Serial ini menawarkan adegan aksi, jurus-jurus ala mata-mata, percikan romansa, serangkaian plot tentang organisasi rahasia yang di luar jangkauan (di sini saya mau tak mau teringat Prison Break) dan menyelipkan potongan drama dengan narasi orang pertama dari sudut pandang Michael. Plot utama tentang siapa dalang di balik burn notice-nya Michael dan kasus yang berbeda tiap episode cukup berimbang. Saya terutama menikmati saat-saat Michael mengeluarkan beragam trik yang dimilikinya, biasanya hal yang sederhana, tapi dampaknya besar dan tepat guna. Kemudian, saya kira Jeffrey memainkan tokoh Michael dengan meyakinkan, termasuk ketika Michael mesti menyamar menjadi macam-macam karakter. Kritik yang pernah saya dengar (dari pemirsa Indonesia) adalah Jeffrey kurang tampan untuk jadi mata-mata, tapi bagi saya, justru dia pilihan tepat. Cukup enak dipandang untuk mendapat atribusi dapat dipercaya, tidak terlalu menyolok sehingga bisa menyaru jadi siapa saja.

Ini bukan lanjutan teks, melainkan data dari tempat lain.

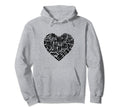Heart Library Books Book Reading Hoodie - Custom Art Print for Adults - T-Shirt, Sweatshirt, Hoodie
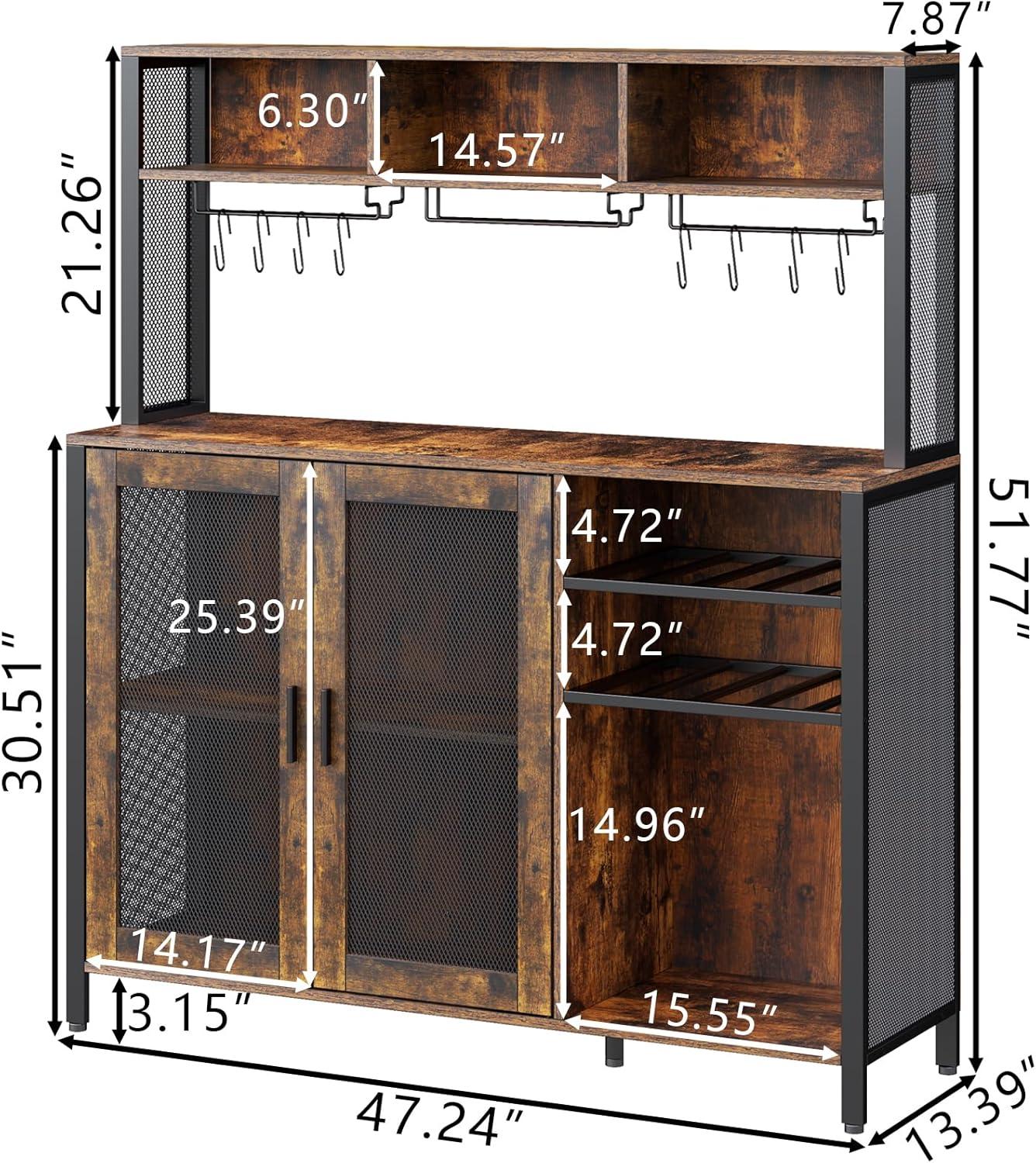 Rustic Brown Industrial Wine Bar Cabinet with LED Lights and Storage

Satu hal yang agak mengganggu, atau kalau mau dibilang merupakan kelemahan serial ini, adalah banyak hal yang disimplifikasi alias digampangkan. Namun, mungkin itu adalah konsekuensi dari plot yang rumit mesti diejawantahkan secara sederhana. Kemudian, karena serial ini tergolong yang digerakkan oleh plot, perkembangan karakter tidak terlalu terasa (setidaknya di mata saya). Burn Notice memang boleh dibilang serial yang memotret lika-liku spionase secara ringan dan renyah, tetapi jika Anda menyukai genre aksi-petualangan, serial ini dapat menjadi pilihan tontonan yang menarik.

Selasa, Maret 31, 2009

Tontonan yang Tidak Ada Matinya

Saya pernah membaca di sebuah harian nasional bahwa serial Barat atau sinetron Barat, begitu istilah saya, adalah mata acara yang memiliki pemirsa tetap yang setia di Indonesia. Saya setuju dengan tulisan itu. Sinetron Barat memang cuma tampak segelintir, satu-dua judul yang ditayangkan acakadut di televisi swasta kita, kalah kuantitas dibandingkan dengan banjirnya acara-acara seragam musiman macam sinetron seri, gosip, berita kriminal dan sebagainya. Namun, tampaknya jenis acara ini memiliki pemirsa yang jauh lebih loyal.

Kapan mulainya sinetron Barat ditayangkan di Indonesia, saya kurang begitu tahu. Saya kira sudah cukup lama. Sinetron Barat pada tahun 1990-an merupakan menu tontonan saya sehari-hari, mulai dari yang ditayangkan di televisi pemerintah, maupun televisi swasta. Saya telah sebutkan berbagai judul sinetron Barat yang memikat perhatian saya pada tulisan pertama saya dulu, tak perlu saya ulangi di sini. Pada masa antara tahun 1990-an sampai 2000, ada saja judul sinetron Barat yang muncul di televisi. Banyak yang diputar pada jam tayang utama, seperti sinetron sekarang. Lambat laun jumlah sinetron Barat di televisi kian berkurang dan jam tayangnya tergeser makin malam sampai dini hari. Sinetron Barat kini menjadi barang langka di kancah dunia pertelevisian (tak berbayar) Indonesia.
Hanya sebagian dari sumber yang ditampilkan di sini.